Al día siguiente, una mañana de diciembre de 1946, esas imágenes cobraron vida en sus palabras y el guitarrero con nombre de guerra me recitó a mí, su amigo, los versos que habían ensordecido sus pensamientos: “Tira el caballo para adelante, el alma tira para atrás”. Exiliado en la ciudad argentina de Córdoba, el guitarrero terminaría de darle forma a su composición. Tuve la suerte de participar de ese milagro.

Cuarenta años después, desde las ignoradas llanuras de la provincia de una ciudad argentina, el hombre fue condecorado por el gobierno francés, y yo estaba a su lado también. El guerrero quechua se convirtió en caballero, de las artes y de las letras precisamente, nunca mejor merecido. Y nunca más oportuno. Un amigo francés, poeta, mientras estuvimos en la ciudad de Nimes, me dijo que la palabra “llanura” en francés es muy similar a la palabra “pena”, y también me contó la historia de una mujer inglesa, que podría ser cualquier mujer, y que sucedió cerca de ese lugar.
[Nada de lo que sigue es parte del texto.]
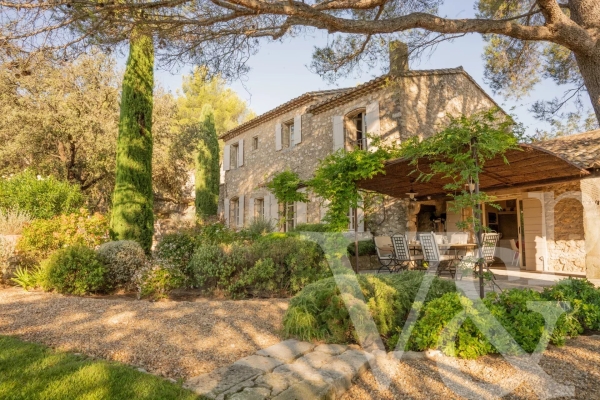 Maison de luxe à vendre à Eygalières, 3 150 000 €, Photo 1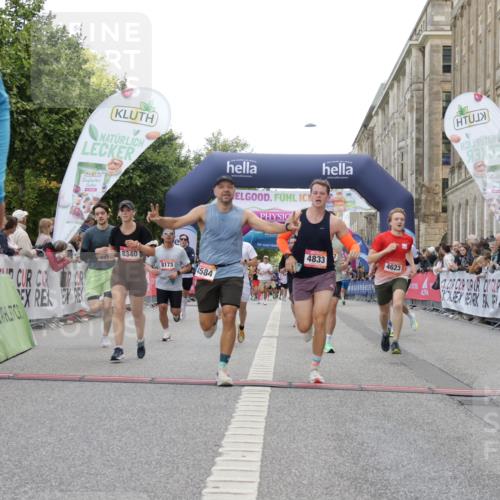 06.09.2026 - CURREX Alsterlauf Yannick Fuchs http://msf.ph/oto/10163184 06.09.2026 09:53:17 Ziel 2036, 2460, 2554, 2704, 3087, 3395, 3396, 4305, 4465, 4539, 4584, 4623, 4707, 4708, 4760, 4833, 4991, 5681, 5886, 5935, 5983, 8173, 8187, 8230, 8340 meine-sportfotos.de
Lo cierto es que el guerrero y esa cautiva vivieron realidades muy diferentes. La mujer, fiel a su estigma, bebió siempre del agua de la que no debía beber, como todos en algún momento, lo tuvo todo para luego perderlo, sin darse cuenta de que lo había perdido, y después cayó en un profundo letargo. De ese ensueño, surgieron las mismas imágenes que mi amigo creyó haber soñado él aquel día, pero el soñador se volvió soñado, que a su vez será el sueño de otro quizás, y tras despertar ella escupió las mimas palabras que mi amigo. Ambos, el guitarrero de las llanuras y la doncella maldita, se negaban a dejarse arrastrar por esos caballos. Ella volvió de un coma de varios días con esa misma sensación que mi amigo vivió durante unas horas, y que tal vez dure toda una vida para alguna otra persona, o lo que es la eternidad para todos.

En ese momento de intensa lucidez, su pareja, un reconocido músico, sostenía su cabeza y la acariciaba, mientras le escuchaba balbucear en español esas mismas palabras. Años más tarde, estas líneas le dieron forma a una ya muy famosa canción de la música popular, que supo cantar otro caballero, pero del Imperio. Un hombre y una mujer, lejanos en su propia tierra, acorralados por su propia existencia. Cada uno, en su propia lengua o en una lengua que ya conocían antes de haber nacido, despertaron el mismo sueño: los símbolos permanecen. Y los caballos siguen tirando, y nos siguen arrastrando.